━━ Collected material
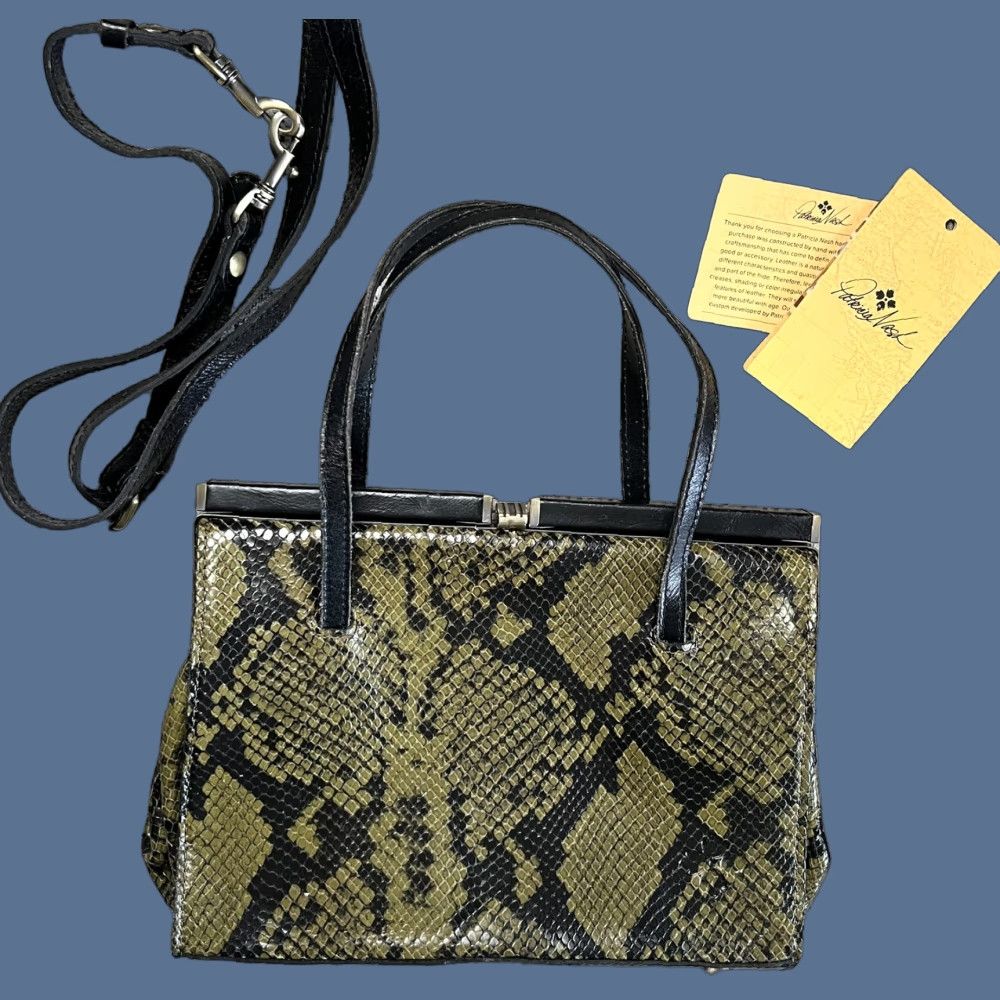 Patricia Nash Patricia Nash Olive Green Python Camellino Crossbody Bag User: Patricia Nash Olive Green Python Camellino Crossbody Bag Size ONE SIZE - 1 Thumbnail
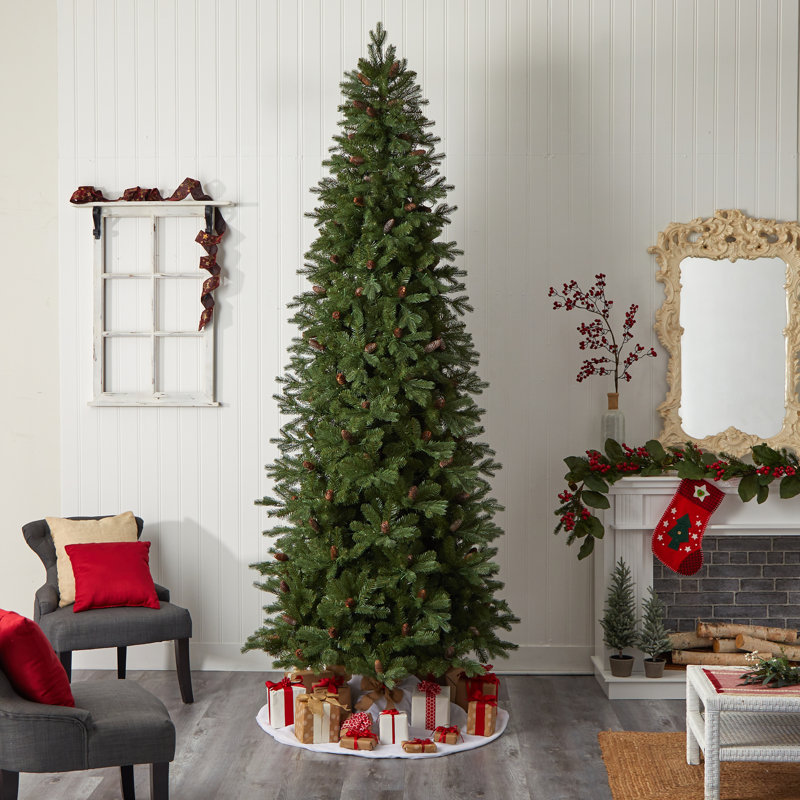 Lighted Artificial Fir Christmas Tree, 10' 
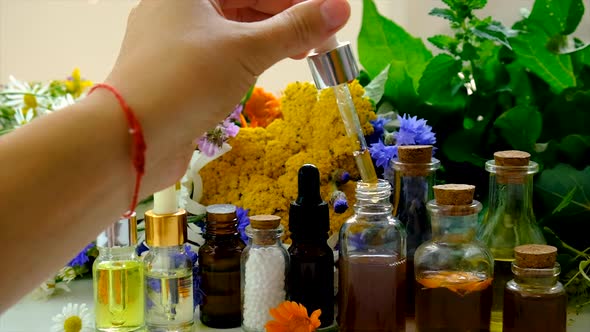 Herbal Tinctures Homeopathy with Medicinal Herbs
━━━━
Problem description: Return the material verbatim; the images are not to appear in the copy.

Answer space:
 Patricia Nash Patricia Nash Olive Green Python Camellino Crossbody Bag User: Patricia Nash Olive Green Python Camellino Crossbody Bag Size ONE SIZE - 1 Thumbnail
 Lighted Artificial Fir Christmas Tree, 10' 
 Herbal Tinctures Homeopathy with Medicinal Herbs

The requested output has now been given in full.